I quickly looked up Robert Morris. They had a good record and statistics, but some bad losses on their record against "name brand" schools. To attempt to account for merely being the best team in a bad conference, I threw together calculations for "blowout wins" and "blowout losses." I defined a blowout loss as a game where a team lost by more than 10 points. My hope was that this would catch the kind of teams that are in weaker conferences and get invited to play schools in traditionally better conferences early in the season to pad their record ("cupcakes"). I defined a "blowout win" as a game where a team won by more than 10 points either as the away team or on a neutral court. I was hoping to filter teams that did not play well away from home, are talented enough to blow teams out on the road, and maybe just catch teams with "grit."
After including the blowout game counts, the model did specifically tip to have Alabama beat Robert Morris, but not much else changed. It still had Troy, VCU, and St. Mary's making runs in the East bracket. It still had McNeese St. (12) making a run and High Point (13) upsetting Purdue (4) in the Midwest region.

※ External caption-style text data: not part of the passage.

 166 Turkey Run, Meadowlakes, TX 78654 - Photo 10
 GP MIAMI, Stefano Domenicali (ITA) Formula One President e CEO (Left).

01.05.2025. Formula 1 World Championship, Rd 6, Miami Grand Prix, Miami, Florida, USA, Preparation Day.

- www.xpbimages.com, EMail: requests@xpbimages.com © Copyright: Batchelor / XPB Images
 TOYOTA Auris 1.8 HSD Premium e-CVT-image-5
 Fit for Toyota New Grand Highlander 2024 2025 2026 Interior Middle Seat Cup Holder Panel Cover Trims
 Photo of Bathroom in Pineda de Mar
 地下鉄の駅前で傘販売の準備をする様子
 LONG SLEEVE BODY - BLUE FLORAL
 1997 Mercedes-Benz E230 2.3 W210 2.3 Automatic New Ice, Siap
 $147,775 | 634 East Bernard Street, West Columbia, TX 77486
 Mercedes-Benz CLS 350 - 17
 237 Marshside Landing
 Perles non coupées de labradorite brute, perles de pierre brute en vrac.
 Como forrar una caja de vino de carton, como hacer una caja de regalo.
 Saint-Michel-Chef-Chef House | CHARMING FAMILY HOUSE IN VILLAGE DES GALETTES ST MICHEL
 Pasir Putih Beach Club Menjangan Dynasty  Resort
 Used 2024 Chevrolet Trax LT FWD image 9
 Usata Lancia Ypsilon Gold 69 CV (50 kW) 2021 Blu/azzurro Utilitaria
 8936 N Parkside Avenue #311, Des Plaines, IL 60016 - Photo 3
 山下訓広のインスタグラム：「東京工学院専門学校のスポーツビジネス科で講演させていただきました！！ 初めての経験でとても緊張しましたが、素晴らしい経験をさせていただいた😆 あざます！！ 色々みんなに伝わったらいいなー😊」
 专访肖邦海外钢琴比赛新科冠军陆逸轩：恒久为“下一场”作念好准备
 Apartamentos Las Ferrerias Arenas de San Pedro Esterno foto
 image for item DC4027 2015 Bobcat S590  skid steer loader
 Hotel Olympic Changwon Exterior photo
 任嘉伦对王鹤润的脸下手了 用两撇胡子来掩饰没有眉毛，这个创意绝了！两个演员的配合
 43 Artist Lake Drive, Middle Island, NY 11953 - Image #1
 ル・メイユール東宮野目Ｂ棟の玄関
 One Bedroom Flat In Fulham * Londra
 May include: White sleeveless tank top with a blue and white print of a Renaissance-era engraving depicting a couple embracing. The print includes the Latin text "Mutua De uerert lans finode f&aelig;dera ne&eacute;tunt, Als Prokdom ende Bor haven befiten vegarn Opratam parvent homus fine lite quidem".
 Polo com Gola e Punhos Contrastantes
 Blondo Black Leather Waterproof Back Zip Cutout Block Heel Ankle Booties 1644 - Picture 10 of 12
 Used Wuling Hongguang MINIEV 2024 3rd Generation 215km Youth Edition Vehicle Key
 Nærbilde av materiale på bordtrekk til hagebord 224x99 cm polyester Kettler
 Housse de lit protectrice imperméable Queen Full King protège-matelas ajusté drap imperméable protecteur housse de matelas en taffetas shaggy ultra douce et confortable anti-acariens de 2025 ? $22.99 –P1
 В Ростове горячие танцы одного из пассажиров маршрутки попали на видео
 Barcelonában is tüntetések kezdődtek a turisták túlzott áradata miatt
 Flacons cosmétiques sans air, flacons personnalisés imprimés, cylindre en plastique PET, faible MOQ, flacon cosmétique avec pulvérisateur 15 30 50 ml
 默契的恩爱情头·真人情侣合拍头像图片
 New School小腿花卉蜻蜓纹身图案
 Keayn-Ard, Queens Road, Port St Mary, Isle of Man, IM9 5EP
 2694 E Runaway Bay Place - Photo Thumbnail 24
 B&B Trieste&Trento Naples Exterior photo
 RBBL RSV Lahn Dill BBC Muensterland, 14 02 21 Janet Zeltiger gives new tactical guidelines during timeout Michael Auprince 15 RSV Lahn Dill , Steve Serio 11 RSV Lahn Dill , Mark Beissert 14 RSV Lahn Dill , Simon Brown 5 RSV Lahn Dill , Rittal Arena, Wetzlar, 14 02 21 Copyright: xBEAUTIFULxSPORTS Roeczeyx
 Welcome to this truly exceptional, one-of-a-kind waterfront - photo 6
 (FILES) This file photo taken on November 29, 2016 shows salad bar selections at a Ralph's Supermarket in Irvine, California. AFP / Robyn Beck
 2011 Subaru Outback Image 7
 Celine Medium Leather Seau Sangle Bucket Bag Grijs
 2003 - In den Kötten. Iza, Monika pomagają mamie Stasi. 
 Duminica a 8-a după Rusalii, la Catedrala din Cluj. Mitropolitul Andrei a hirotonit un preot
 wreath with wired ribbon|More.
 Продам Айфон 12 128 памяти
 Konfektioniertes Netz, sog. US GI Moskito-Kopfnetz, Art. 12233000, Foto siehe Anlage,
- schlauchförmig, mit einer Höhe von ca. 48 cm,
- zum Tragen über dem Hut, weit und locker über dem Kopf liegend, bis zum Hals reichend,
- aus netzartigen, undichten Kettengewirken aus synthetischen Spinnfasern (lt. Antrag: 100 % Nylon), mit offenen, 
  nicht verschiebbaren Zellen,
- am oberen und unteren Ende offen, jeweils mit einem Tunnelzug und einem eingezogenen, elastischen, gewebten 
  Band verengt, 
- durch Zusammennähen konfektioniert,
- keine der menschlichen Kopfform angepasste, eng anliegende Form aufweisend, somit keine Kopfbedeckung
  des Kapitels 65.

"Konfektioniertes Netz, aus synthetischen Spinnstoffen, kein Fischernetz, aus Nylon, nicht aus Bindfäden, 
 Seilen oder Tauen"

I ran a SQL query on my database, and realized that Troy, VCU, St. Mary's, and Robert Morris all had high season average offensive rebounds. High Point averaged more than 1 additional offensive rebound per game than Purdue.
I was surprised and confused by how much emphasis the model put on offensive rebounding. It seemed even stranger given that, of all statistics, it gives the least weight to defense rebounding. I don't have an explanation for why it loves offensive rebounding, and I'm not sure what to do about it going forward, if anything.
Though I was disappointed with the results, this was a fun project, and one that I intend to tweak and maintain for the rest of my life.
This initial model deployed a "kitchen sink" approach. I just kind of threw everything I could come up with into the training data. I was curious to see what it would identify as most important.
I'd like to pare down the amount of statistics that go into the model, or at least have an intent behind why each statistic was included. By next year, I'd like to come up with categories of statistics that reflect different styles of play or strengths, and just include one of each category.
I'm also interested in developing a way to factor in the coach of each team, as well as the "name on the jersey" of the school. I'd like to come up with a way to quantify and reflect what it means to "be Duke" or "a Kentucky" or be a nobody. Similarly, I'd love to come up with a way to reflect that a coach like Rick Pitino is suddenly behind St. John's. But I view these as long term goals, that will take years of iteration of my code, sources of data, and theories.